▸ EXERCISE PROMPT
Nothing beyond the line containing "袋帯 赤系マルチカラー 金刺繍 幅約31cm 中古 良品 HP-4 20220925" should be printed; print each line exactly from the first line of the listing below through it.
▬▬▬
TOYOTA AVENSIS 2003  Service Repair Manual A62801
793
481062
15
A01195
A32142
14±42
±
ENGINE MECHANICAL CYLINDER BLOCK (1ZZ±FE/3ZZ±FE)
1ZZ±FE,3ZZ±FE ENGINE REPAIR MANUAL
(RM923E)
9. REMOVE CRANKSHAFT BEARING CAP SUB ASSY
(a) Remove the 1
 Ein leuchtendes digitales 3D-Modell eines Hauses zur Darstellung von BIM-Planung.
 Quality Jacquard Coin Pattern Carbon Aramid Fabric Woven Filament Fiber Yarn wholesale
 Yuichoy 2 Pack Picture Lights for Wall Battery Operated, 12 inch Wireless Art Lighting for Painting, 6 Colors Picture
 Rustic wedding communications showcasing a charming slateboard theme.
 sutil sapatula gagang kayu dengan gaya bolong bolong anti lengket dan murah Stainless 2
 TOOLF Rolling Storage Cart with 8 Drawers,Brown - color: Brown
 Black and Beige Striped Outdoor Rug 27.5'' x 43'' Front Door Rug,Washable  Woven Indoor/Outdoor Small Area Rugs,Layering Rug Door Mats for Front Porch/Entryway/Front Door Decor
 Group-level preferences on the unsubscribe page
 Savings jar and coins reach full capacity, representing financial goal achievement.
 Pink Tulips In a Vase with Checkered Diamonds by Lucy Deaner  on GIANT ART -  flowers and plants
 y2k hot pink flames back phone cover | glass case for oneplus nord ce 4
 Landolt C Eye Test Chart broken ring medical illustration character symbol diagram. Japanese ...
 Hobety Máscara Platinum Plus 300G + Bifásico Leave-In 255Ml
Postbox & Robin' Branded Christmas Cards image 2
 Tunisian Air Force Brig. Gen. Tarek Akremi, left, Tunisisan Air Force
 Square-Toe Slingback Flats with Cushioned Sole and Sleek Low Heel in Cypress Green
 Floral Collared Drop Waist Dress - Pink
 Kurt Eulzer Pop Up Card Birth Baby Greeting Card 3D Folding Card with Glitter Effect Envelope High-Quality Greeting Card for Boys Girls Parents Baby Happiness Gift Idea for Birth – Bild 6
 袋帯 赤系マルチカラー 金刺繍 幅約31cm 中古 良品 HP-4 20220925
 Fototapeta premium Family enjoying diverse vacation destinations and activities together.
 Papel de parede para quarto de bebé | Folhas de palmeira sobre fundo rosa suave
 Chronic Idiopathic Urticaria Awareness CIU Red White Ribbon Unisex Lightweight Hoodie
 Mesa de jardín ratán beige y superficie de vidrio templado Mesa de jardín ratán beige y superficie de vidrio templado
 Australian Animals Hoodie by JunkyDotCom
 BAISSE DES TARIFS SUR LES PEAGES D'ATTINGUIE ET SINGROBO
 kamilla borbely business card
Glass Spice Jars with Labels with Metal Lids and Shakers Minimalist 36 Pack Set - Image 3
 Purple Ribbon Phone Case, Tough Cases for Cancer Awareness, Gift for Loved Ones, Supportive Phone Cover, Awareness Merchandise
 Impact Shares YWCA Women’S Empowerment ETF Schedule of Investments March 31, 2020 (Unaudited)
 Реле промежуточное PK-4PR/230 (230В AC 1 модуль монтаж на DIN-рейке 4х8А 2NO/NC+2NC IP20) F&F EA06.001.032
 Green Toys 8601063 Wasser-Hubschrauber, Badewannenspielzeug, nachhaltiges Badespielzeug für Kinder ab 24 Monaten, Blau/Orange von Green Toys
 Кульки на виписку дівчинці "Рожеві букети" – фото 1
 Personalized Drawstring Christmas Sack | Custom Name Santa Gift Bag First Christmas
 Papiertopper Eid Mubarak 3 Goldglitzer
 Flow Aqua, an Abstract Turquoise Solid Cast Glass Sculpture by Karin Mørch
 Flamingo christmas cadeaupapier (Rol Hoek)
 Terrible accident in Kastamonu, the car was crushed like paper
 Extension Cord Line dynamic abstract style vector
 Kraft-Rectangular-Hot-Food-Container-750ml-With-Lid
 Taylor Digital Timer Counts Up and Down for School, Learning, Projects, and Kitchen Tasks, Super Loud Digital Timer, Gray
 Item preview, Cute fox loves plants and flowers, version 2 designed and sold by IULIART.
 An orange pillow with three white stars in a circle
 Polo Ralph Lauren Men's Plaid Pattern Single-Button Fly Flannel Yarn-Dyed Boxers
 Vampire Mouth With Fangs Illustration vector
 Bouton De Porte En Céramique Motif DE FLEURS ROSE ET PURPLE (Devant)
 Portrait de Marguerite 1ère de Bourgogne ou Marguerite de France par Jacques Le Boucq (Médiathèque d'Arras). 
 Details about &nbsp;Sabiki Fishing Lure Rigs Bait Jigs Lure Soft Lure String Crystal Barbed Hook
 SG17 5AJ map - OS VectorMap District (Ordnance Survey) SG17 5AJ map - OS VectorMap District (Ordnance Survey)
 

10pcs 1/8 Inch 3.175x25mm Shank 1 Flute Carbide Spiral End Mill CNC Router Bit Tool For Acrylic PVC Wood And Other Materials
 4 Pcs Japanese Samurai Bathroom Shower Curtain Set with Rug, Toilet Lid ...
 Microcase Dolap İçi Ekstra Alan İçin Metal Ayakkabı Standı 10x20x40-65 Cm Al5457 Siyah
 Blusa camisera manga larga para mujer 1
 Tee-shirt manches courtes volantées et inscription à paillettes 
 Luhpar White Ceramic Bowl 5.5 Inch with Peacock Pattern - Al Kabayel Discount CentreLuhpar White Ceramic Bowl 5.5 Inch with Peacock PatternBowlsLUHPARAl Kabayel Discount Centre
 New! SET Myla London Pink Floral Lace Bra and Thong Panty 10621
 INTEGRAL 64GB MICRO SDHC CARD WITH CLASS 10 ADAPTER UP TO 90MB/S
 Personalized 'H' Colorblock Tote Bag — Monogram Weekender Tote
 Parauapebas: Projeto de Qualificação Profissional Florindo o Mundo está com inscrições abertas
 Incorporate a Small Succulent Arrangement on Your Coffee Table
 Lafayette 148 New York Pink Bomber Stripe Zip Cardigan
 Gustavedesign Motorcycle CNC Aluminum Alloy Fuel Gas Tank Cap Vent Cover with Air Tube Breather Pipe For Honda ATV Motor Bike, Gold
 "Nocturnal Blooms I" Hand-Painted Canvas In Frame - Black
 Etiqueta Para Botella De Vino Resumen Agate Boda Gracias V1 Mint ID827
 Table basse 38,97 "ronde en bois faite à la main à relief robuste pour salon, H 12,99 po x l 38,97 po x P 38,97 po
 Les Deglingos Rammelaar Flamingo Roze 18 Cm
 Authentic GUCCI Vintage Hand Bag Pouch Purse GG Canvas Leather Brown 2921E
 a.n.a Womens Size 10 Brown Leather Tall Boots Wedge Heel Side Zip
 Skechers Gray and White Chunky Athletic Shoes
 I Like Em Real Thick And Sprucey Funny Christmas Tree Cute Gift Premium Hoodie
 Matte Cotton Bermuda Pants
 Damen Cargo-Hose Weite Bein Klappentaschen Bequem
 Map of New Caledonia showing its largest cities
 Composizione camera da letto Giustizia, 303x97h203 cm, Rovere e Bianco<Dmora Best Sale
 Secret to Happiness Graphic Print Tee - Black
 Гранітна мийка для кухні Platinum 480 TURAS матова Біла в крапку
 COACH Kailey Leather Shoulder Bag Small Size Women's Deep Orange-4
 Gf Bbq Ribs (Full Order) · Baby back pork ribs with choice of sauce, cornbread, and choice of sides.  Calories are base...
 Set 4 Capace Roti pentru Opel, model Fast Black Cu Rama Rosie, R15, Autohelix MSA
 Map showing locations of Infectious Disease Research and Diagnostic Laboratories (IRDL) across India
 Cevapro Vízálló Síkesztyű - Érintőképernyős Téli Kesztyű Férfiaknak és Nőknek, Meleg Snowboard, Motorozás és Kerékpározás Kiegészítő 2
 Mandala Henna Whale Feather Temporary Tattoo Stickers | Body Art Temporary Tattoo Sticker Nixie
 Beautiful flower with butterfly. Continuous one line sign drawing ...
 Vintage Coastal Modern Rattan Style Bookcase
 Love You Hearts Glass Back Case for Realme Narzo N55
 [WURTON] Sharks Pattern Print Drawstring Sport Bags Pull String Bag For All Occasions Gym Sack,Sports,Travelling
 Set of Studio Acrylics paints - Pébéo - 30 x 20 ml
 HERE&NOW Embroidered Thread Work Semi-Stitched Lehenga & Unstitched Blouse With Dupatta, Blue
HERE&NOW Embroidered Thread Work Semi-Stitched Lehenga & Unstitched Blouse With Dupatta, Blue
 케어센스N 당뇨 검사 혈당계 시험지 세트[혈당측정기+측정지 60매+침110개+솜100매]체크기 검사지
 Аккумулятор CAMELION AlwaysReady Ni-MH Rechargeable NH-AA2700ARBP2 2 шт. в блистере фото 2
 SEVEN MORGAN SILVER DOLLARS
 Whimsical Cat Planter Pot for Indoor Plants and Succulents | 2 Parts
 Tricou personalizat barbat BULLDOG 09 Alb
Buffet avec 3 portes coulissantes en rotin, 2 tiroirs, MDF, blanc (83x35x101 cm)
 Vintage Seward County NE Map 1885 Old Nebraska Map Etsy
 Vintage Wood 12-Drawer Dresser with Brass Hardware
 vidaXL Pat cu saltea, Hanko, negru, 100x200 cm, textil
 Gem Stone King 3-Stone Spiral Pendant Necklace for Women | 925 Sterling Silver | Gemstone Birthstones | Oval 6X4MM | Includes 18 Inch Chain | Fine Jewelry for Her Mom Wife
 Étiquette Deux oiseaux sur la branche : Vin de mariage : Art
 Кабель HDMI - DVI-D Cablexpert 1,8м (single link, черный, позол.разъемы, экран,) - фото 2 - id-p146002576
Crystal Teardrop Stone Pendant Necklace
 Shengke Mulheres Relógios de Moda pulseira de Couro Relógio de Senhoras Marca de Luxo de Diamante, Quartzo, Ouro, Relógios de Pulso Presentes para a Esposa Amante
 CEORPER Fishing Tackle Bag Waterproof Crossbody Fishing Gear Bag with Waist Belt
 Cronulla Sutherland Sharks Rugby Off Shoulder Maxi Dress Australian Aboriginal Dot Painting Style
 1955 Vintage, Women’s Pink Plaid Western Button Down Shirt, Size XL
▬▬▬
▸ YOUR SOLUTION
TOYOTA AVENSIS 2003  Service Repair Manual A62801
793
481062
15
A01195
A32142
14±42
±
ENGINE MECHANICAL CYLINDER BLOCK (1ZZ±FE/3ZZ±FE)
1ZZ±FE,3ZZ±FE ENGINE REPAIR MANUAL
(RM923E)
9. REMOVE CRANKSHAFT BEARING CAP SUB ASSY
(a) Remove the 1
 Ein leuchtendes digitales 3D-Modell eines Hauses zur Darstellung von BIM-Planung.
 Quality Jacquard Coin Pattern Carbon Aramid Fabric Woven Filament Fiber Yarn wholesale
 Yuichoy 2 Pack Picture Lights for Wall Battery Operated, 12 inch Wireless Art Lighting for Painting, 6 Colors Picture
 Rustic wedding communications showcasing a charming slateboard theme.
 sutil sapatula gagang kayu dengan gaya bolong bolong anti lengket dan murah Stainless 2
 TOOLF Rolling Storage Cart with 8 Drawers,Brown - color: Brown
 Black and Beige Striped Outdoor Rug 27.5'' x 43'' Front Door Rug,Washable  Woven Indoor/Outdoor Small Area Rugs,Layering Rug Door Mats for Front Porch/Entryway/Front Door Decor
 Group-level preferences on the unsubscribe page
 Savings jar and coins reach full capacity, representing financial goal achievement.
 Pink Tulips In a Vase with Checkered Diamonds by Lucy Deaner  on GIANT ART -  flowers and plants
 y2k hot pink flames back phone cover | glass case for oneplus nord ce 4
 Landolt C Eye Test Chart broken ring medical illustration character symbol diagram. Japanese ...
 Hobety Máscara Platinum Plus 300G + Bifásico Leave-In 255Ml
Postbox & Robin' Branded Christmas Cards image 2
 Tunisian Air Force Brig. Gen. Tarek Akremi, left, Tunisisan Air Force
 Square-Toe Slingback Flats with Cushioned Sole and Sleek Low Heel in Cypress Green
 Floral Collared Drop Waist Dress - Pink
 Kurt Eulzer Pop Up Card Birth Baby Greeting Card 3D Folding Card with Glitter Effect Envelope High-Quality Greeting Card for Boys Girls Parents Baby Happiness Gift Idea for Birth – Bild 6
 袋帯 赤系マルチカラー 金刺繍 幅約31cm 中古 良品 HP-4 20220925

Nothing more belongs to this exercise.